Investors are more focused on immediate financial needs than they are on preparing for retirement, according to the fifth annual Mercer Workplace Survey, this year conducted among 2,000 participants in 401(k) and health savings accounts.

Citing larger debt balances and falling home prices, respondents said that they are more concerned with keeping up with monthly expenses than saving for retirement. Twenty-one percent said their biggest financial worry is keeping up with monthly expenses, and 15% said it’s saving for retirement. In 2004, it was the reverse, with 24% most concerned about retirement savings and 15% monthly expenses.

Still, 80% said they know they are responsible for their income in retirement and 70% said it’s their No. 1 savings goal.
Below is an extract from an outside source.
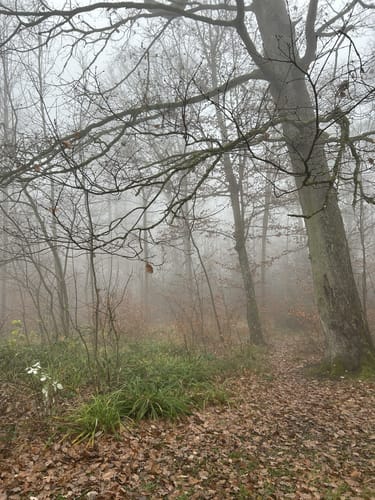 Dreibergerunde Kernen - Kappelberg - Württemberg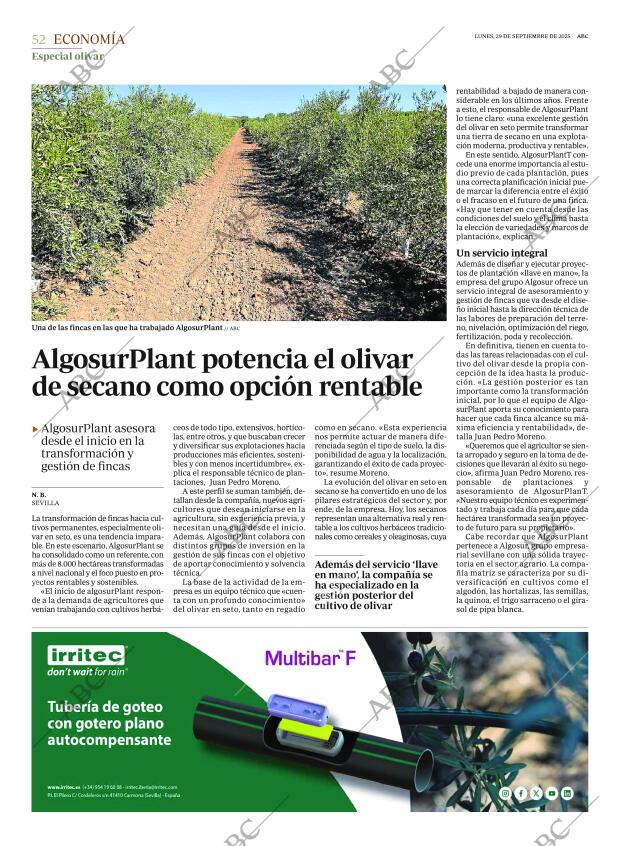 ABC SEVILLA 29-09-2025 página 52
Sixty percent expect to work at least part-time in retirement, and 40% expect to reduce their standard of living.

“These findings challenge employers and their 401(k) administrative partners to take a more proactive approach to assist participants in preparing for retirement,” said Jeff Miller, president of Mercer’s outsourcing business. “Simplifying the process of saving for retirement through effective plan design, coupled with integrated education programs that recognize the challenges participants face today, are critical to achieving this goal. These results also suggest participants would welcome programs that integrate features such as automatic enrollment, automatic contribution increases and enriched match programs to help them save more for retirement.”

Employers and administrators should simplify their plans and supply investors with education and decision support tools, Miller said.